• Hi Guest!

    The costs of running this forum are covered by Sea Lion Press. If you'd like to help support the company and the forum, visit patreon.com/sealionpress

AHC - Japanese-Ottoman joint combat operations, or operations against each other

raharris1973

Well-known member
The challenge is to have the Japanese conduct joint or coordinated operations as allies in a war, or alternatively, end up not just in a war on opposing sides (that happened OTL WWI, though I do not know if they ever mutually declared war) but taking part in a substantial ground or naval campaign against one another.

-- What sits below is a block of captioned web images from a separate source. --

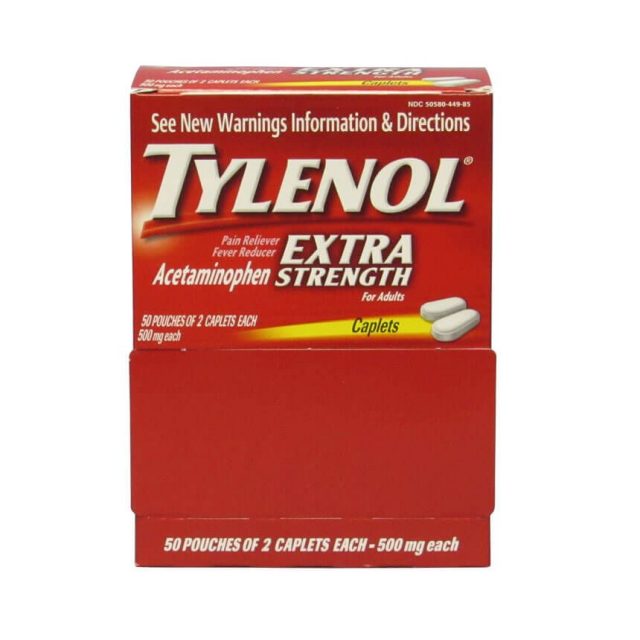 Tylenol Extra Strength Caplets 50 packet/box • First Aid Supplies Online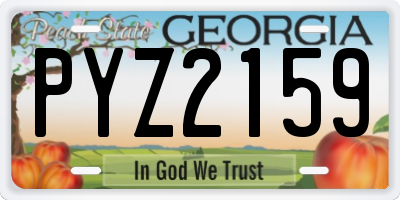 GA license plate PYZ2159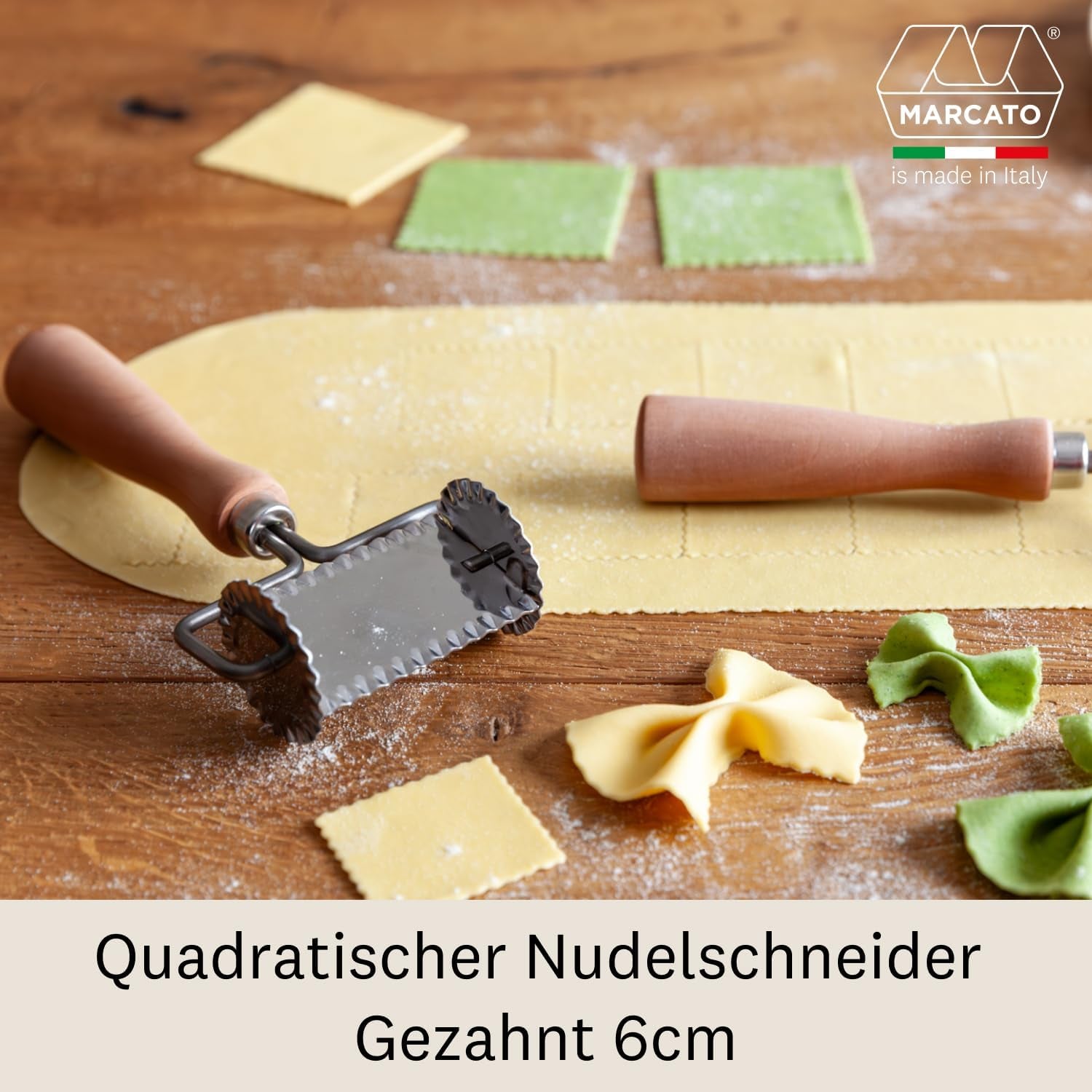 MARCATO emporte-pièce carré outil à gâteau dentelé en acier 6 cm coupe précise robuste Durable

This can happen any time in the 20th century or the latter 19th century, and if they are aligned, it can be against any common enemy or coalition you can make an argument for.
 
The challenge is to have the Japanese conduct joint or coordinated operations as allies in a war
I think this challenge is the most difficult of the two.

Here's what I can come up with -

1. France and Britain fail to develop a positive trend in relations from 1901-1904, failing to reach the Entente Cordiale of the latter year. Causes could be plentiful. France could walk out of the Fashoda crisis or the Boer War tensions determined to built a bit more naval bargaining leverage. King Edward may not be as touristic and Francophile as he was in OTL. Perhaps there is a perceived clash of interest brought on by either Britain or France getting too grabby about parts of Siam. Regardless, by 1904, there is no Entente Cordiale.

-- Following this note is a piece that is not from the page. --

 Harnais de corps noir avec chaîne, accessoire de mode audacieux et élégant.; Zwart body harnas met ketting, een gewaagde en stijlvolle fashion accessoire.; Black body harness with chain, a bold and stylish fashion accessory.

But the Germans have also held aloof from the British alliance offer, and Britain, from any German designed counter-offer.

Britain does have, and relies on, its Japanese alliance. France does have, and relies on, its Russian alliance.

The Russo-Japanese War breaks out in 1904 with the Japanese attack.

The Dogger Bank incident occurs, but has worse casualties.

Consequently the British DoW the Russians. The Russians try to make an escape to French and neutral ports. Hardly any of them make it, with nearly all their Baltic vessels on the open ocean being overtaken and sunk or captured by the royal Navy.

The British initiate a merciless war against Russian merchant shipping and a paper blockade against Russian trade. Russia invokes its dual alliance casus foederis with France, calling for aid against Britain.

France initially does what it can to help Russia economically, calls for a halt to Anglo-Russian fighting, and offers to mediate, hoping to keep its Russian alliance without having to go to war.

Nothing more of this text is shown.